(Captioned web images)
<<<<

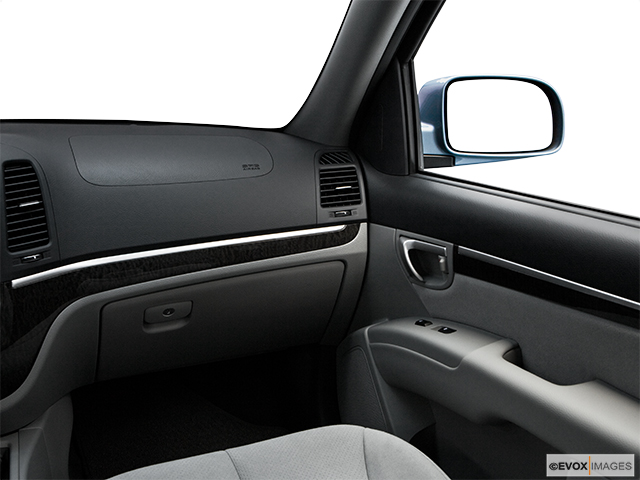 2009 Hyundai Santa Fe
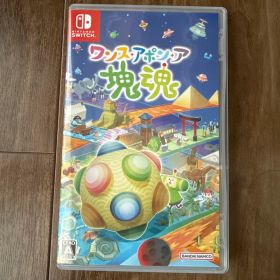 【switch】ワンス・アポン・ア塊魂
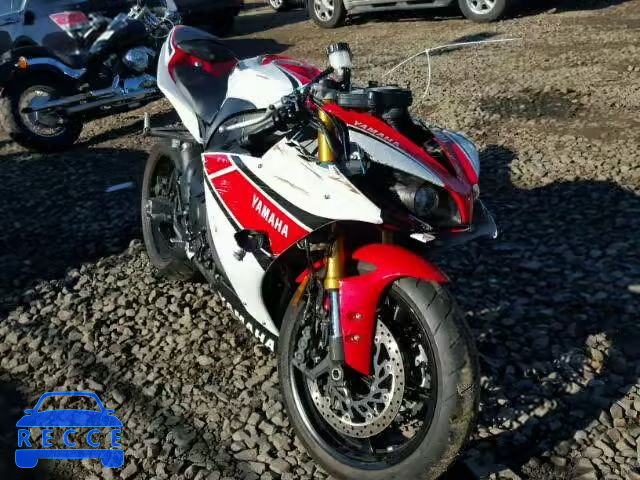 2012 YAMAHA YZFR1 JYARN23E5CA012439 image 0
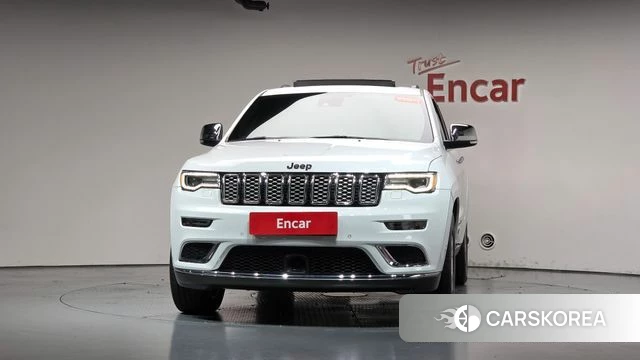 Jeep Grand Cherokee id 4959913 из Кореи 12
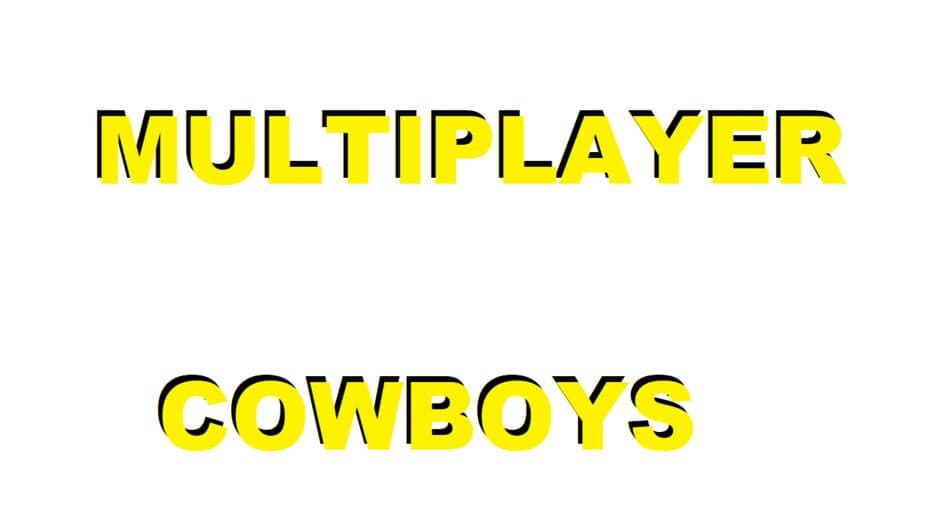 Multiplayer Cowboys artwork 2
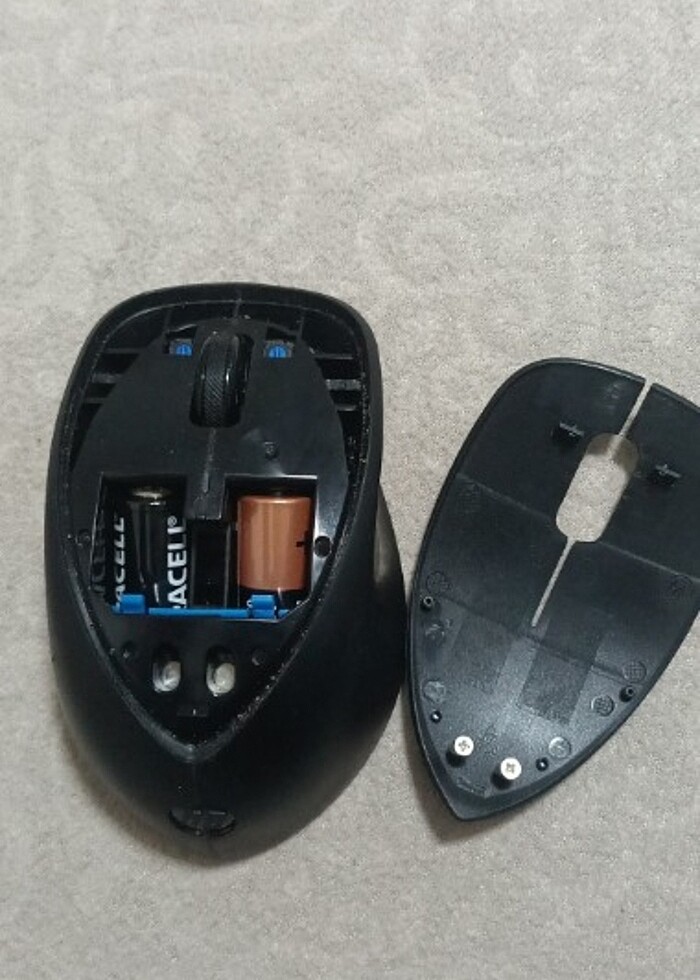 Hp kablosuz mouse  - Görsel 3
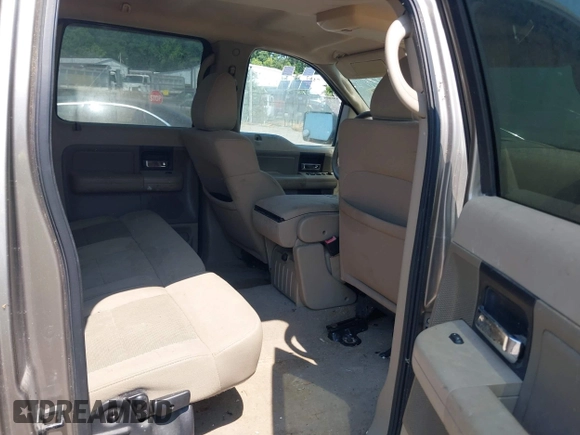 2005 Ford F-150 XLT с VIN 1FTPW14565FA73628, выставлен на аукционе IAAI как лот 42611752 с пробегом 253 321 миль миль и . История ставок и продаж доступна на DreamBid. Изображение 8.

>>>>

Task description » Of the entries above, print exactly those lines that run from the one containing "2012 YAMAHA YZFR1 JYARN23E5CA012439 image 0" through the last line, excluding any pictures.

Reply »
 2012 YAMAHA YZFR1 JYARN23E5CA012439 image 0
 Jeep Grand Cherokee id 4959913 из Кореи 12
 Multiplayer Cowboys artwork 2
 Hp kablosuz mouse  - Görsel 3
 2005 Ford F-150 XLT с VIN 1FTPW14565FA73628, выставлен на аукционе IAAI как лот 42611752 с пробегом 253 321 миль миль и . История ставок и продаж доступна на DreamBid. Изображение 8.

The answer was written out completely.